How do you calculate triangle angles from sides?

Use the law of cosines: cos(A) = (b² + c² − a²) / (2bc), where A is the angle opposite side a. Apply this for each angle, or find two angles and subtract from 180° for the third.

What is the difference between circumradius and inradius?

The circumradius (R) is the radius of the circle passing through all three vertices. The inradius (r) is the radius of the largest circle that fits inside the triangle, touching all three sides. For an equilateral triangle with side a, R = a/√3 and r = a/(2√3).

Can a triangle have two right angles?

No. The interior angles of a triangle always sum to exactly 180°. Two right angles would total 180° already, leaving 0° for the third angle, which is impossible.
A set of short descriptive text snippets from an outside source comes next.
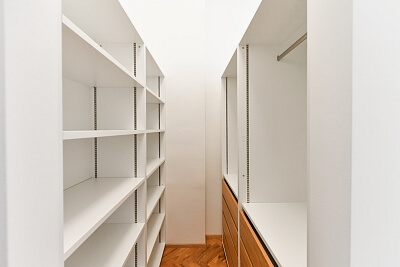 U Havlíčkových sadů, Vinohrady - Prague 2 | Rent, Apartment One-bedroom (2+kk), 48 m²
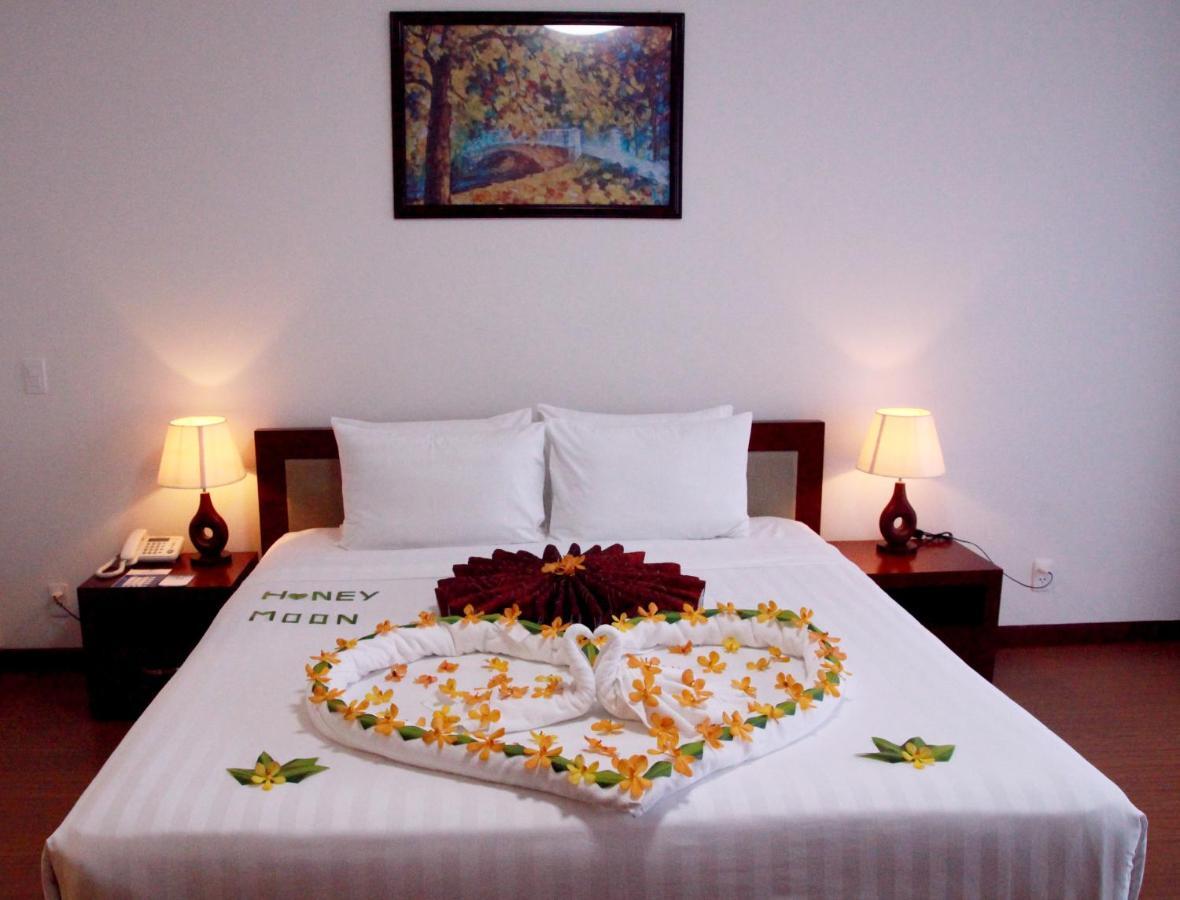 Da Nang Han River Hotel מראה חיצוני תמונה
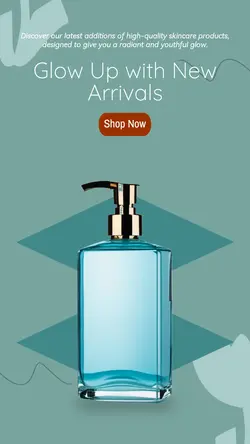 Beauty & Personal care New arrivals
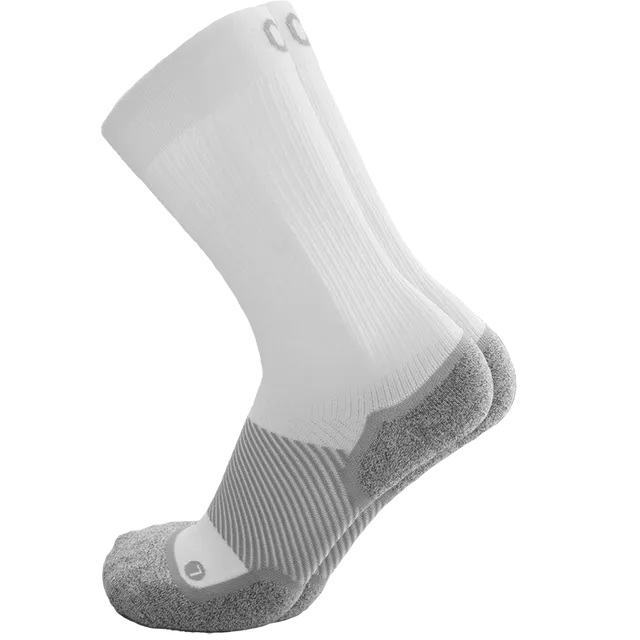 Wellness Performance Socks - White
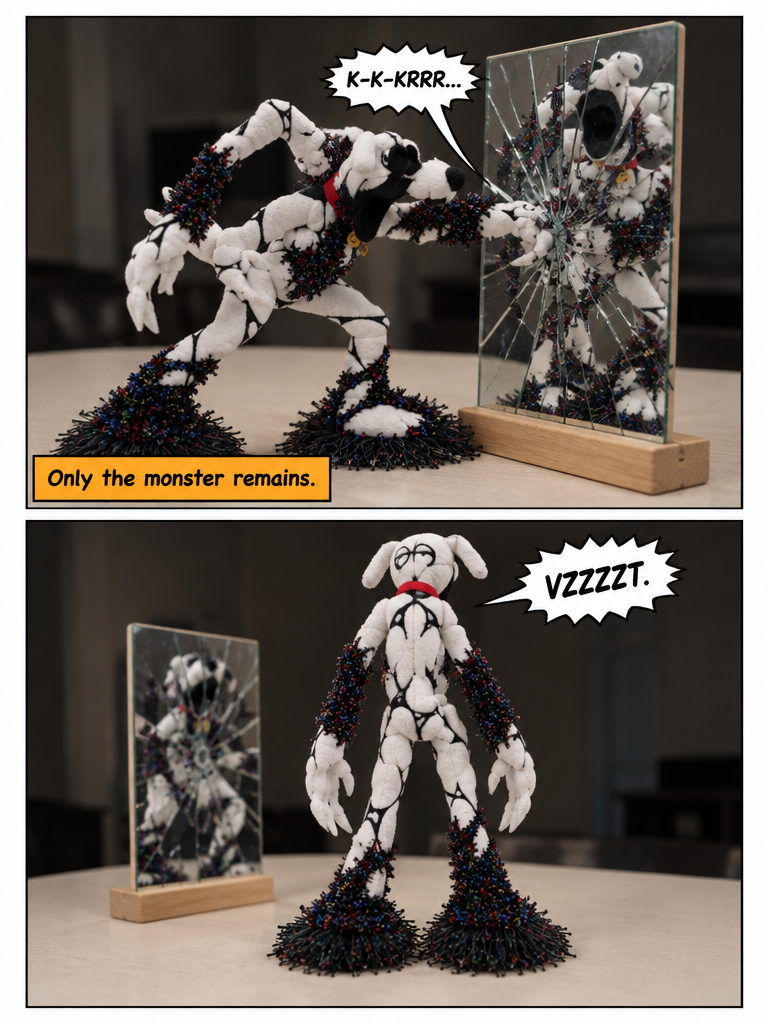 Fractured in the Glass (page 4 of 4)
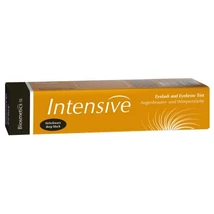 INTENSIVE FARBA NA MIHALNICE A OBOČIE-DEEP BLACK 20ML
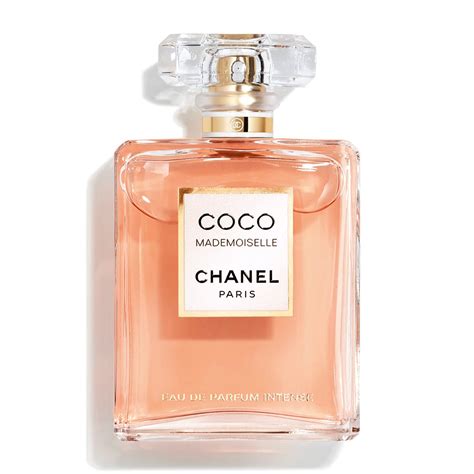 chanel coco mademoiselle intense tester|chanel coco mademoiselle top notes.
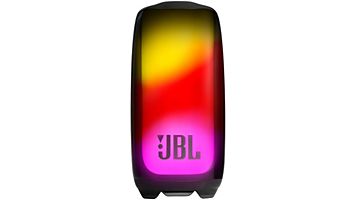 Enceinte portable JBL Pulse 5 Noir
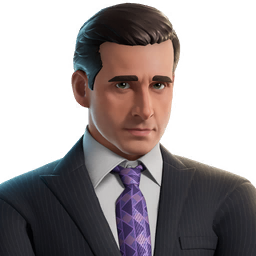 Michael Scott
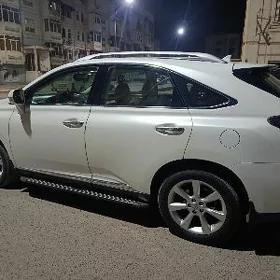 Lexus RX 350 2009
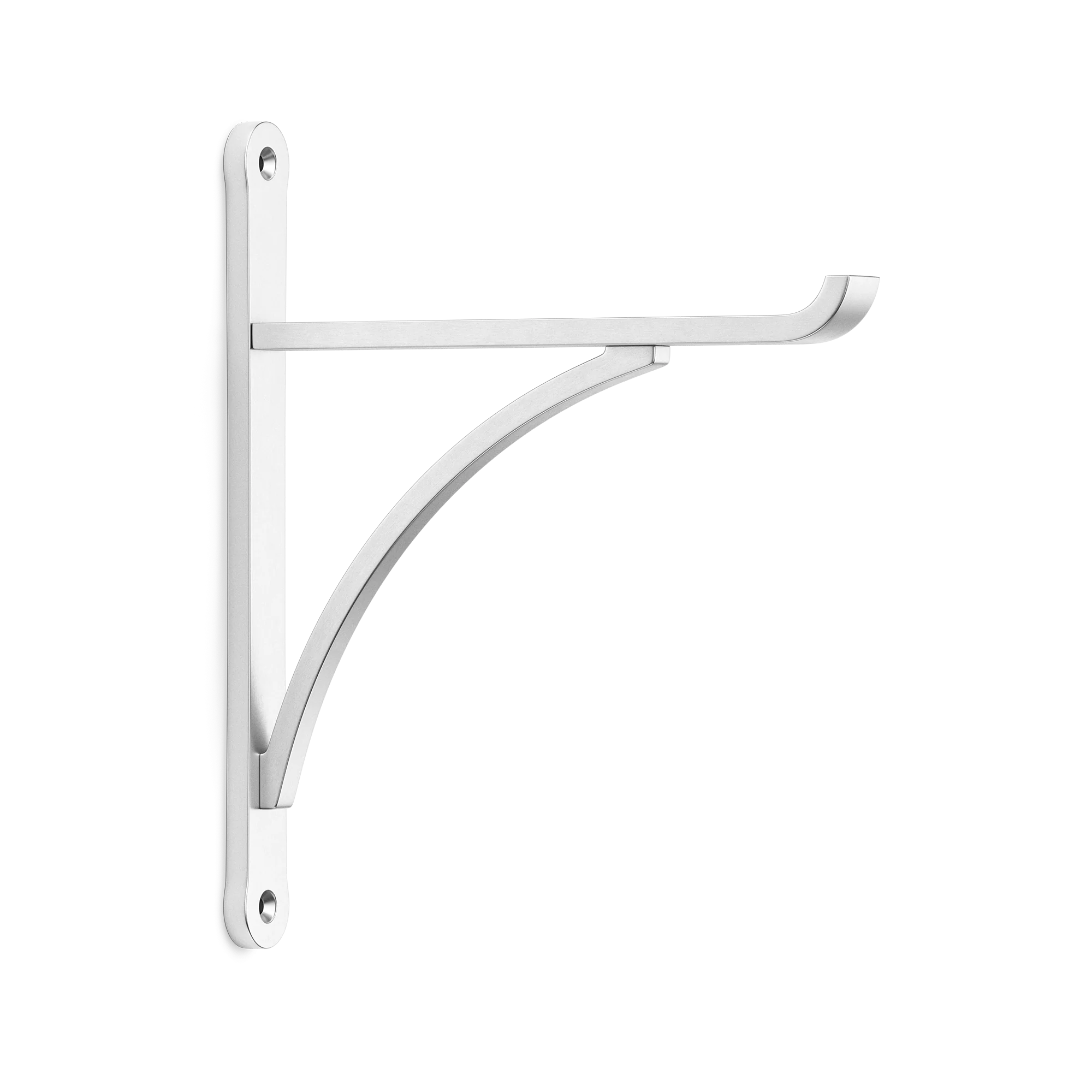 Armac Martin Harborne Brass Shelf Bracket
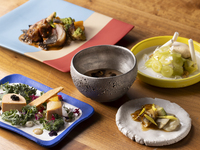 【窓側確約】六本木クロッシング2025展コラボレーションディナーby桑田卓郎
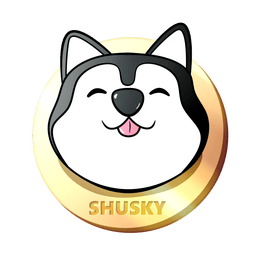 Siberian HuskyLOGO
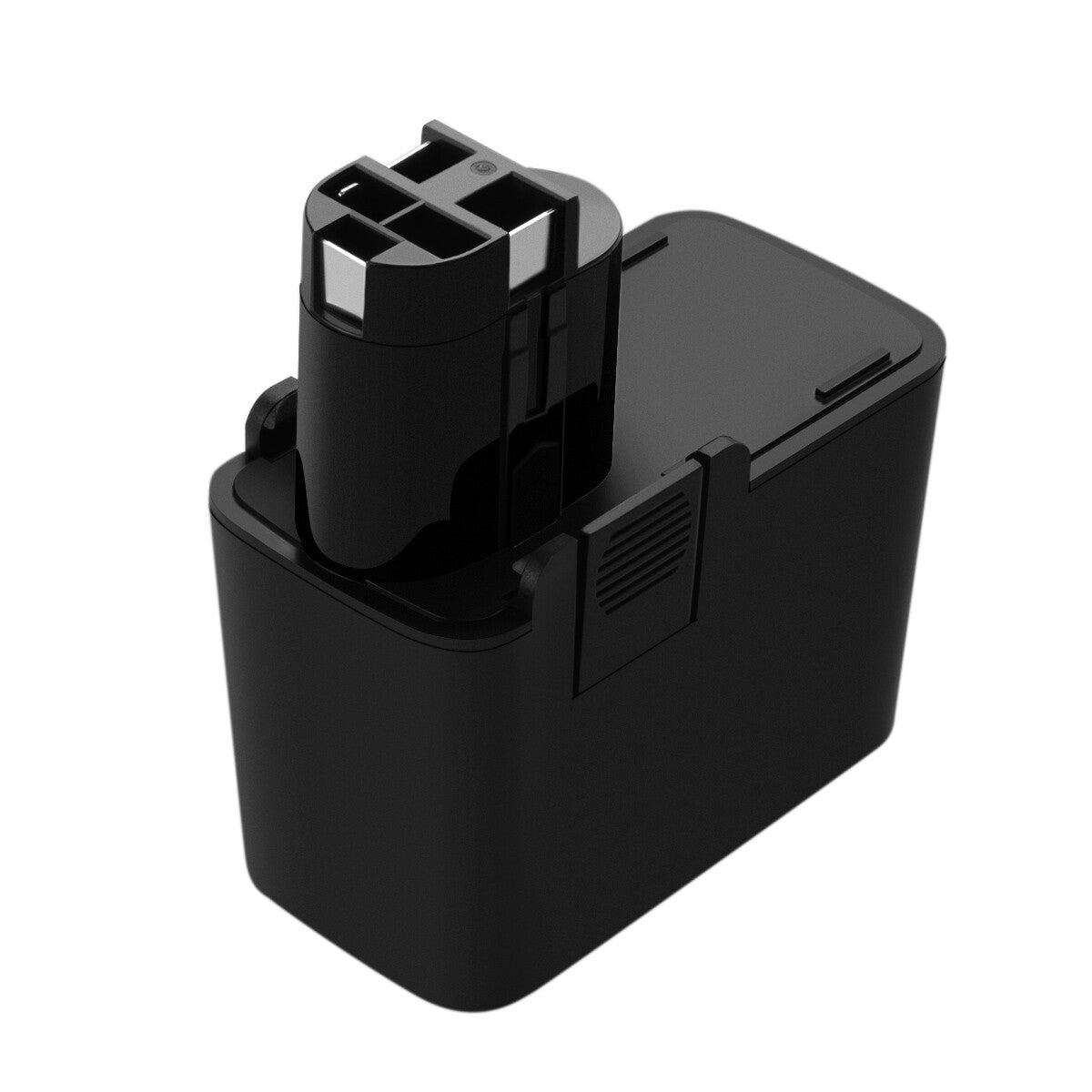 Batería Ni-MH SHENTEC de 14.4V y 3000mAh para Bosch 3612 3650 3610K 26156801 BAT015 BH 1454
What is a degenerate triangle?

A degenerate triangle has zero area — its three vertices are collinear (on the same line). This happens when one side exactly equals the sum of the other two (e.g., sides 3, 4, 7). Technically, it is not a triangle at all.

How accurate is Heron's formula for very flat triangles?

Heron's formula can lose numerical precision for extremely flat (nearly degenerate) triangles due to floating-point arithmetic. For such cases, the Kahan variation of Heron's formula provides better accuracy: sort sides so a ≥ b ≥ c, then Area = ¼ √[(a + (b + c))(c − (a − b))(c + (a − b))(a + (b − c))].

What units does triangle area use?

Area is always in square units of whatever unit the sides use. If sides are in centimeters, the area is in cm². If sides are in feet, the area is in ft². Never mix units — convert all sides to the same unit first.

Is there a formula for the area of a triangle inscribed in a circle?

Yes. If the triangle has sides a, b, c and is inscribed in a circle of radius R: Area = (a × b × c) / (4R). Conversely, R = (a × b × c) / (4 × Area).